[Work order]
Below, find the line containing "316 E 3rd Ave, Rome, GA" and the line containing "Gray metal building"; reproduce exactly those two and every line between them, omitting pictures.

Segment Start: Task material

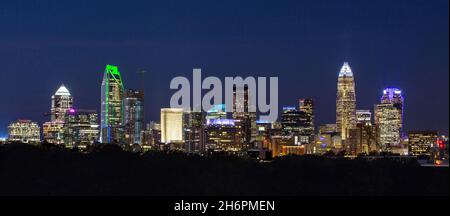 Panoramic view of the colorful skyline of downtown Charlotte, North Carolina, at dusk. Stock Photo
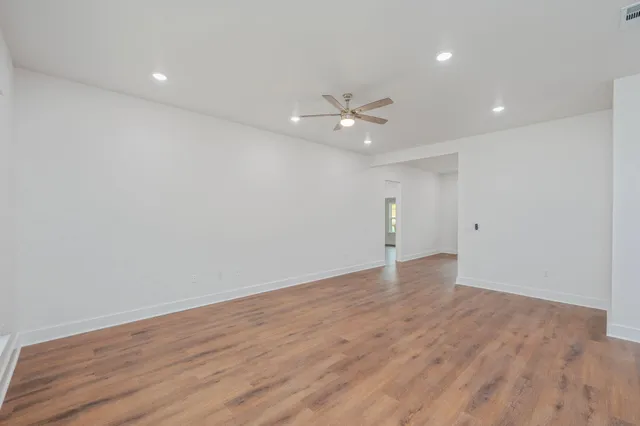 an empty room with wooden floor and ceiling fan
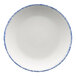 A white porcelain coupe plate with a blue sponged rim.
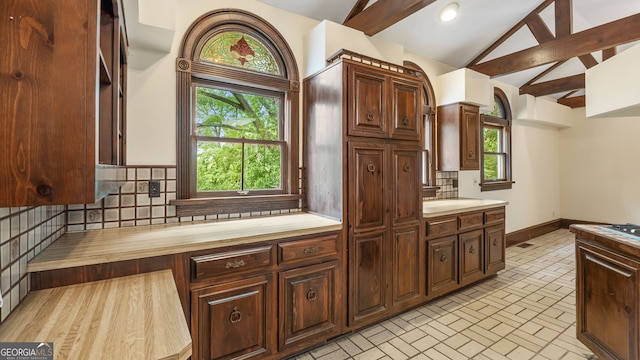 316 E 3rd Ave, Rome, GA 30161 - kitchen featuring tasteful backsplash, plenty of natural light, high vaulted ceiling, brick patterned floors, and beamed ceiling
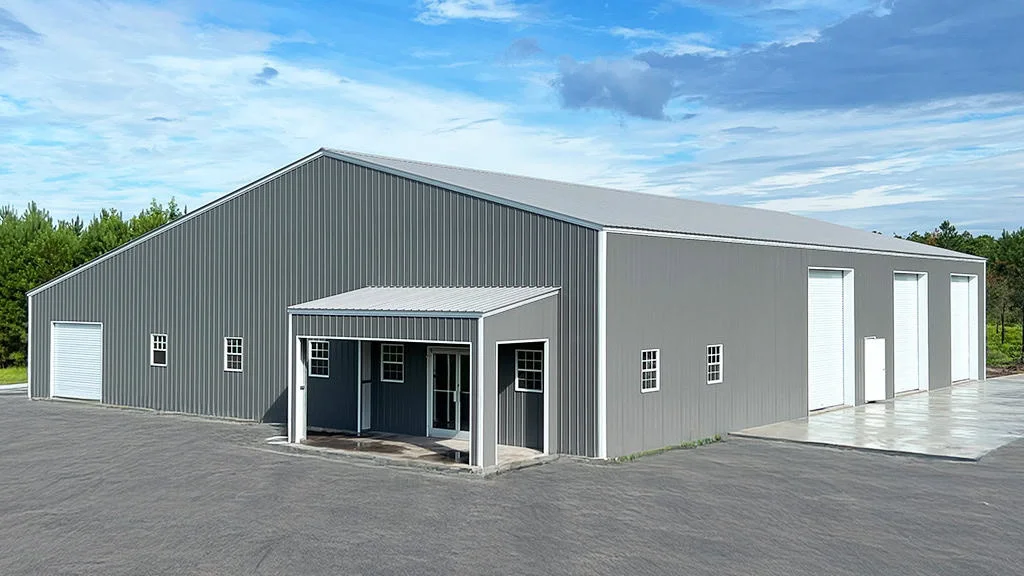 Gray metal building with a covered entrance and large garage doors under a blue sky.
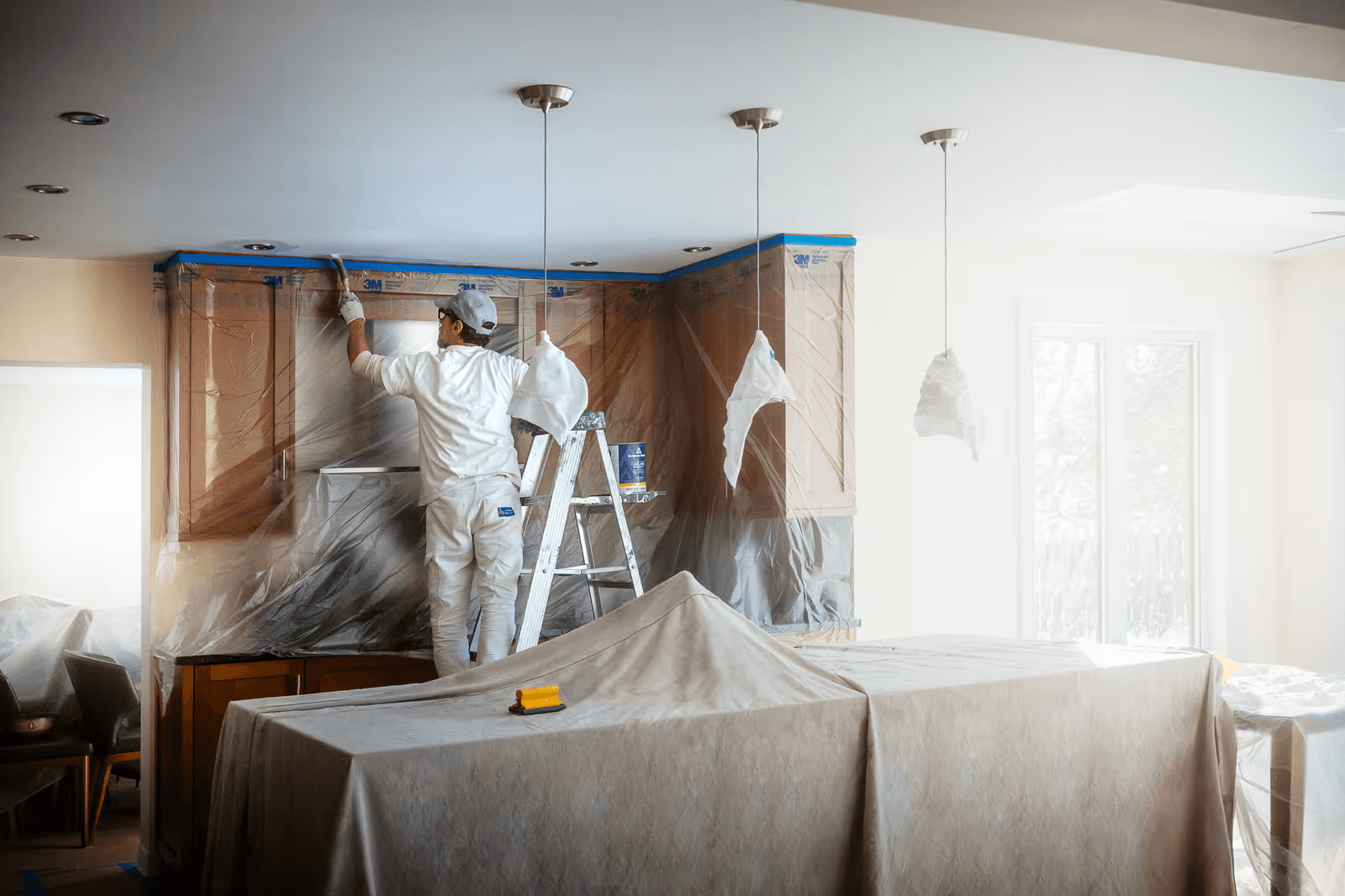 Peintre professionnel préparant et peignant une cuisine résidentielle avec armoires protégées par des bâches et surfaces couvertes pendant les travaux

Segment End: Task material

[Written response]
 316 E 3rd Ave, Rome, GA 30161 - kitchen featuring tasteful backsplash, plenty of natural light, high vaulted ceiling, brick patterned floors, and beamed ceiling
 Gray metal building with a covered entrance and large garage doors under a blue sky.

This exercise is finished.